A branch may be a case a bit like an indexed write where the final instruction state must be reserved in case a page is crossed. In the case of a branch, the next instruction isn't known to have started until it's known that there's no page crossing. The following instruction after a taken branch doesn't have a normal first cycle. And so a taken branch doesn't have a 'final' state, and so it wouldn't be interruptible. Instead it begins the interrupt handler during T2, which means the NMI needs to enter the chip a bit earlier than the usual case in order to catch the window. We see that the other way around: the interrupt appears to have been deferred.

Hope this makes some degree of sense!

Cheers
Ed

HiassofT · Post by **HiassofT** » Mon Sep 13, 2010 8:54 pm

HiassofT wrote:

BigDumbDinosaur wrote:

After reading your analysis and looking at the logic graphs, I have to wonder if this characteristic was carried over the the 65C02 and 65816. As you say, it appears to be harmless, but does have some perceptible effect on interrupt latency.
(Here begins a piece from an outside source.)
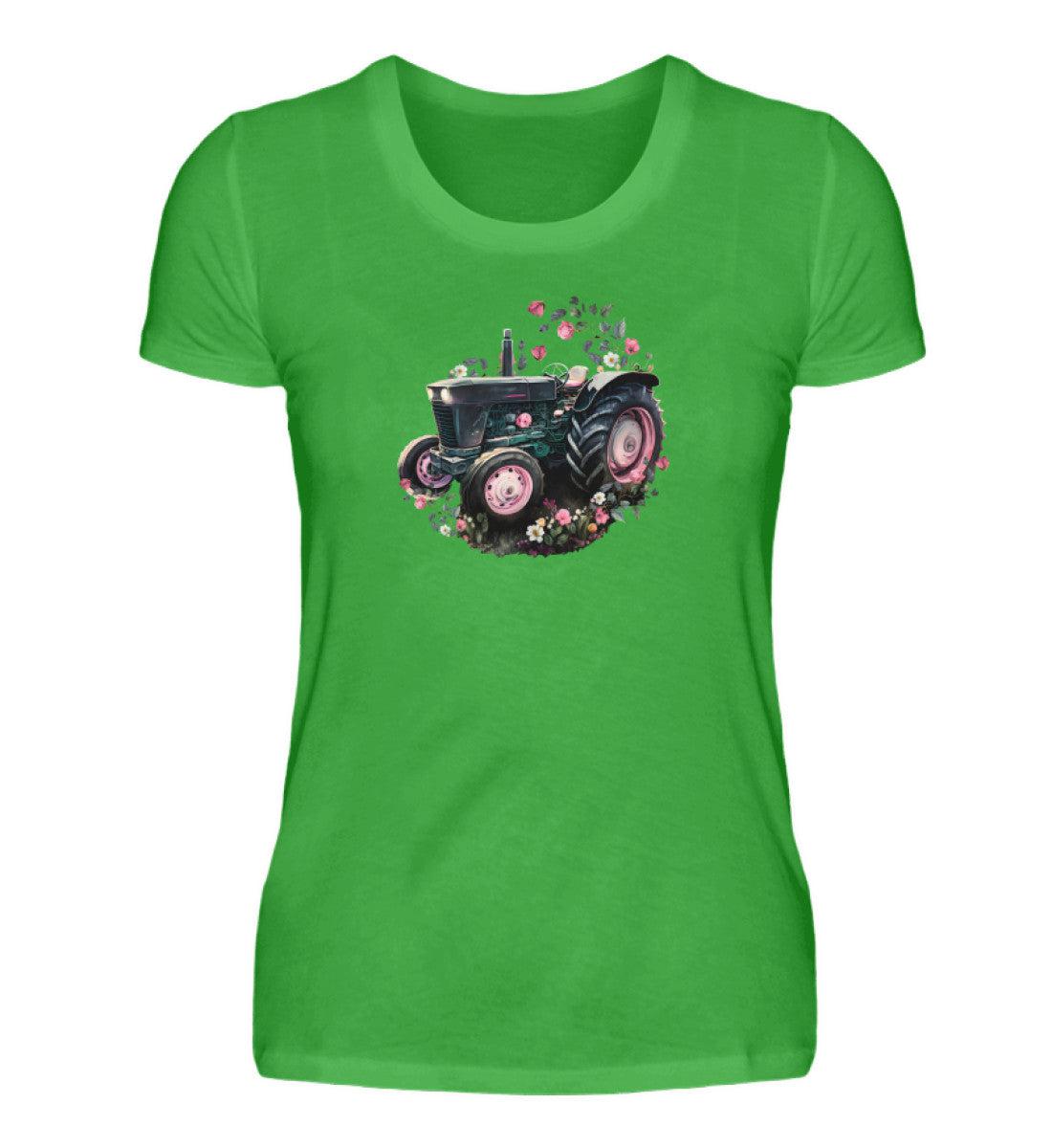 Traktor Blumen · Damen T-Shirt-Damen Basic T-Shirt-Green Apple-S-Agrarstarz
I had another idea: I have an Atari 800 (which uses the original 6502) at my parent's home, and just remembered that I bought a 65(C?)02 some 20 years ago for a SBC I wanted to create (but never finished it). I'll be visiting my parents next weekend, so I can check if this really is a 2MHz 65C02 and if yes take it all home, put the 65C02 into the Atari and run some tests.

These test have to wait a little bit. I opened my Atari 800 and realized it was one of the (later) models which had a CPU board with Atari's "6502C Sally" CPU - the same as in my 800XL.

So I need to build an adapter board for my 800XL first...

But, good news is: a friend is sending me some other CPUs to test with, a Rockwell 65C02, a CMD 65SC02 and a 65816. My 2 MHz 65C02 seems to have gone missing during the years, but I pulled a Rockwell 65C02 4 MHz from another board I had completely forgotten about :-)

so long,

Hias

HiassofT · Post by **HiassofT** » Mon Sep 13, 2010 9:01 pm

Hi Ed!

BigEd wrote:

Eureka! With a transistor-level simulation of the 6502 in hand, we can see exactly what's going on cycle by cycle. (Or even phase by phase.) Huge thanks to Greg James, Barry Silverman and Brian Silverman for their Visual6502 project (website under construction - see other thread) which provided the simulator and the netlist.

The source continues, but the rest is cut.